Paul Robinson’s Quest to be The Best

The leaves have changed from shades of green to a potent array of red, yellow, and orange. Although they fall in heaps that cover the grass, many still cling to the branches with desperation, not quite ready for winter. It’s fall in Rumney, New Hampshire, and as far as I can tell, there are not many places in the world that rival the beauty seen here at this time of year. Rumney also happens to be the epicenter for East Coast sport climbing, which is the reason I am here. Sport climbing is a style of rope climbing, in which you hook yourself into protection drilled into rock. Rumney is home to one of the three hardest sport climbs in the whole of the United States: Jaws II. The climb is every bit a perfect, classic line as one can imagine, set up on the schist rock cliff known as Waimea. I am here with a well-known boulderer, Paul Robinson, who previously tried Jaws II in hot, late-summer conditions, two years prior.
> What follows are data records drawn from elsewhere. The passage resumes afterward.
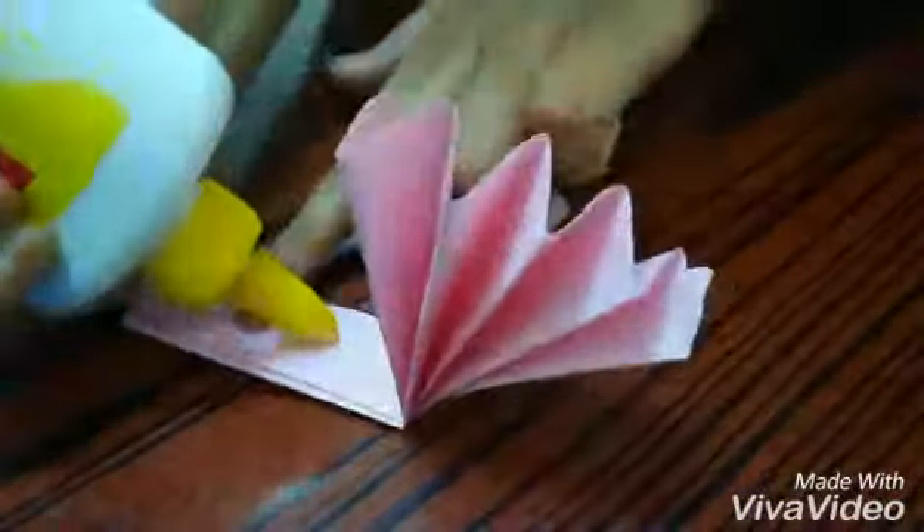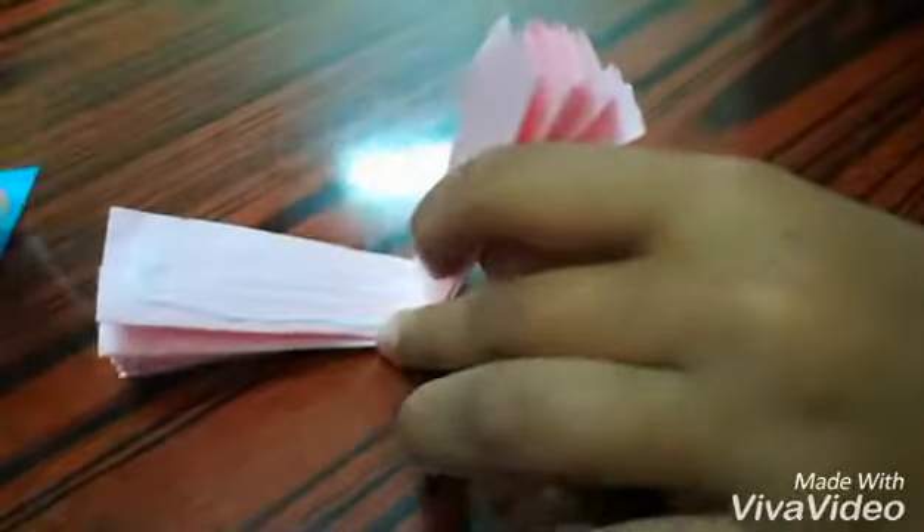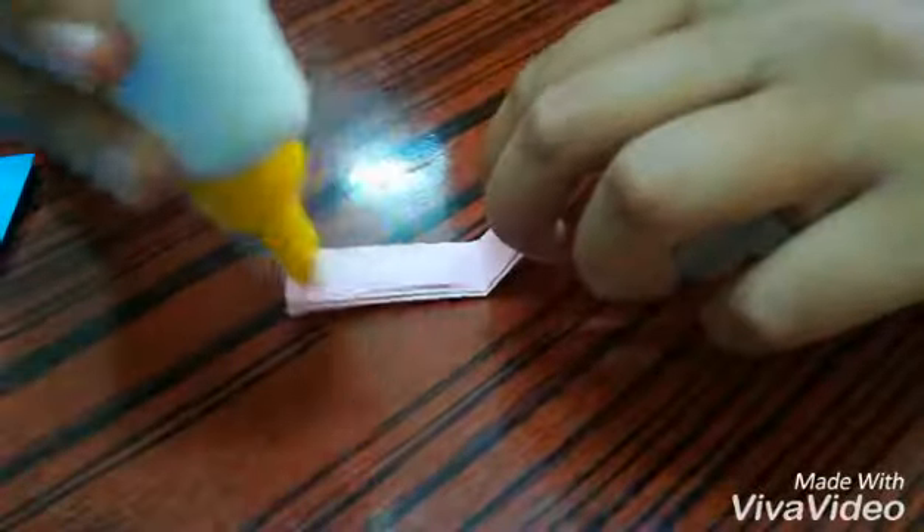Next, you have to apply glue. Do the same thing for the remaining pieces.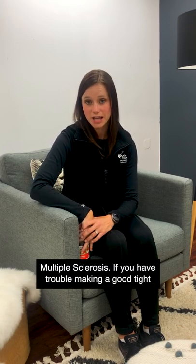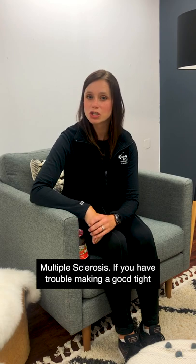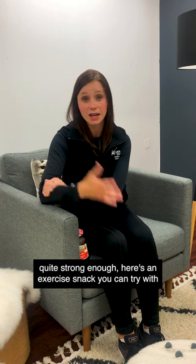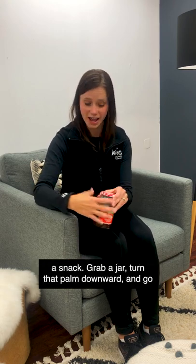Hi, my name is Mandy and I'm a physical therapist with CanDo Multiple Sclerosis. If you have trouble making a good tight grip because those muscles of your forearm just don't feel quite strong enough, here's an exercise snack you can try with a snack.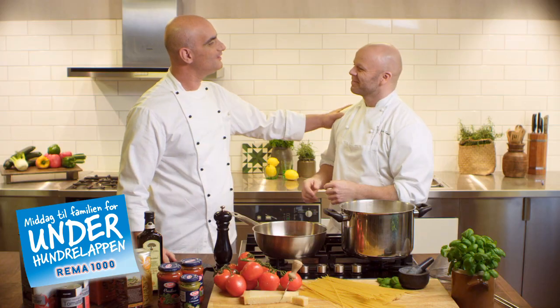Buongiorno Vincenzo! Buongiorno Erling! So tell us, how do we cook pasta? Well Erling, there are a couple of things about pasta if you want to get it just right. But the nice thing is, it's so easy.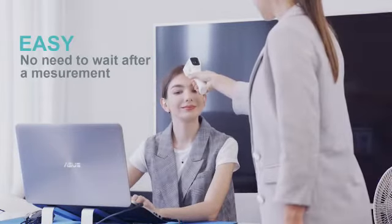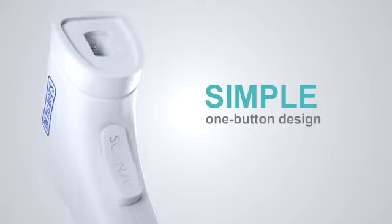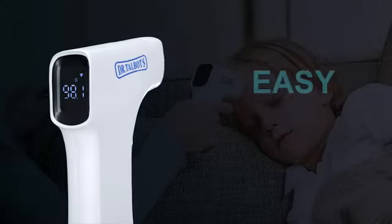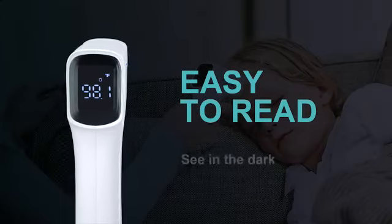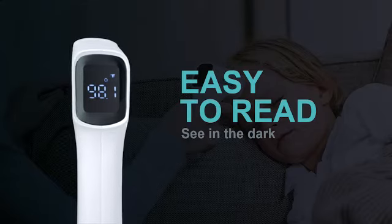You can check temperatures for different people easily and quickly. One button design makes taking temperature simple — just hit the button to turn on, then aim and press to begin. Our modern LED screen displays the reading in bright white light, so you can read clearly even in total darkness.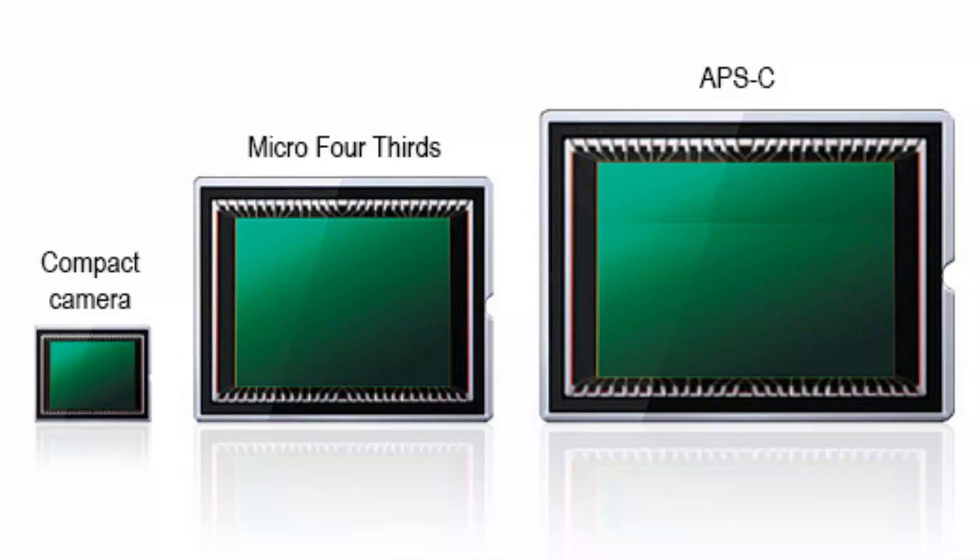Camera technology has advanced enormously even compared to 2018 — the miniaturization of sensors, lenses, and so on has been fantastic. I think it is well within DJI's ability to create a micro four-thirds size sensor in a camera — it will be a Hasselblad camera again — in a drone that's going to be about 30% bigger than what we currently see. That's my prediction. I know a lot of you think it's going to be a one-inch sensor, but no — it's going to be micro four-thirds. Just watch this space.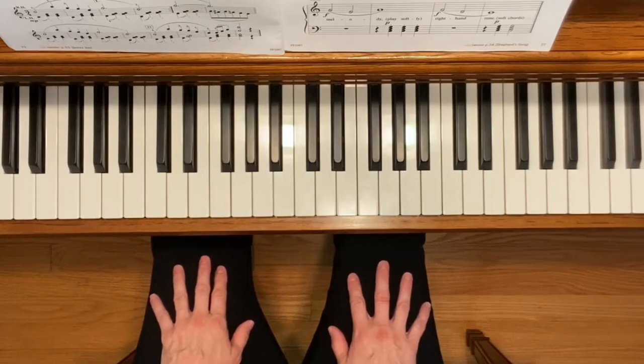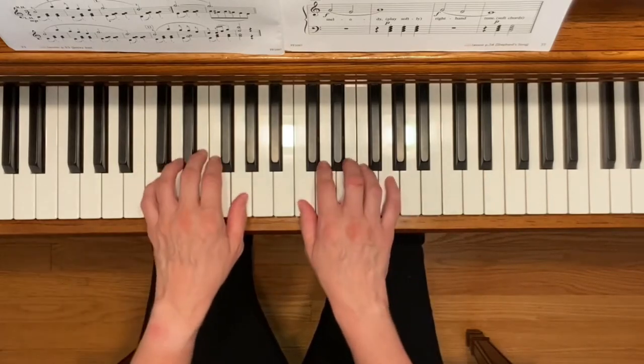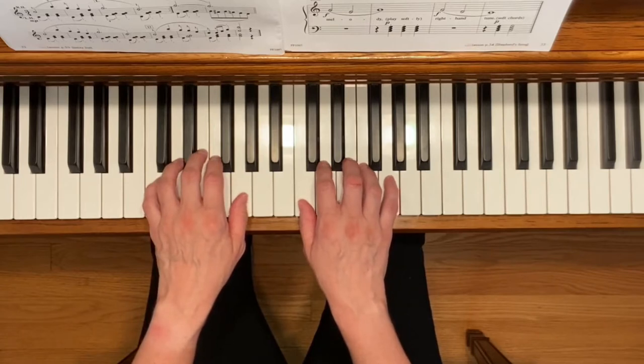This is Baseball Game. To play this piece, place your hands in the C5 finger scale position.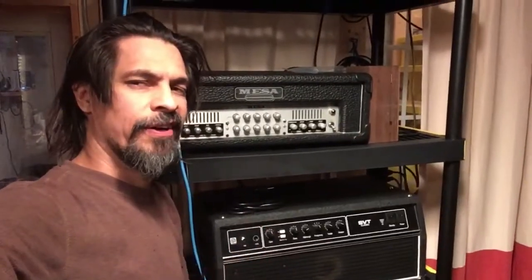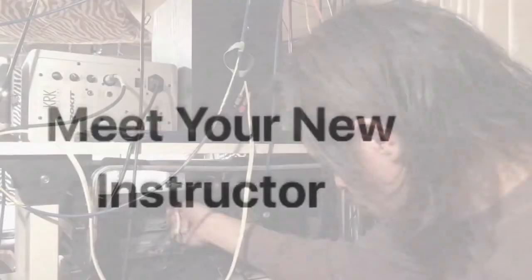This is my tower of power. People talk about mixing in the box, mixing out of the box. I don't even know what that means. I mix in the closet.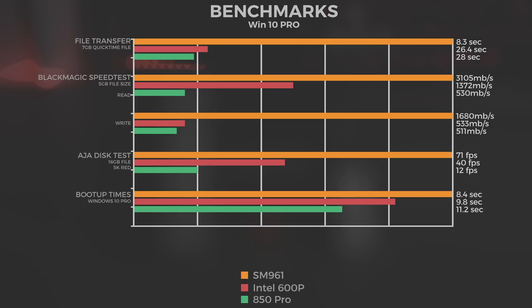Now onto some real-world benchmarks. We took a 7 gigabyte QuickTime file and transferred it off our XP941 onto each of the drives. The SM961 completed this in 8.3 seconds, the 600p in 26.4 seconds, and the 850 Pro in 28 seconds.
Now, he has returned for the crisp New England fall with a winning objective in mind. Paul is not by any means known for his rope climbing abilities. In fact, he has climbed fewer than a dozen times outside, and rarely pushes himself in this field. Hailing from Moorestown, New Jersey, Paul has been climbing for almost 15 years. Within that time period, he has accelerated to elite levels. “Being an elite-level athlete means to have a positive influence within the climbing community, and be able to live exclusively off a salary made from the sport,” Paul says. Paul made his mark on the climbing world with his accomplishments as a boulderer — climbing without ropes, but stopping around 20 feet above the ground. As many boulderers fear the potentially large falls associated with rope climbing, I asked Paul whether he felt the scare. “I’m scared of big falls, injuries, and not achieving all I want to do in such a small amount of time,” he responds. Regardless of his fears, Paul decided to cast away his stereotypical image, and shock the climbing population by attempting (and hopefully completing) one of the hardest climbs in the world. He traveled to Rumney for a two-week trip, where his only goal was to ascend his hardest rope climb to date. Many of the climbs in Rumney, be they classic or not, have death-defying landings — meaning the ground is littered with jagged rocks that could seriously injure, or even kill, climbers, should they fall. Jaws II, and the five climbs around it, have some of the only rock-free landings in...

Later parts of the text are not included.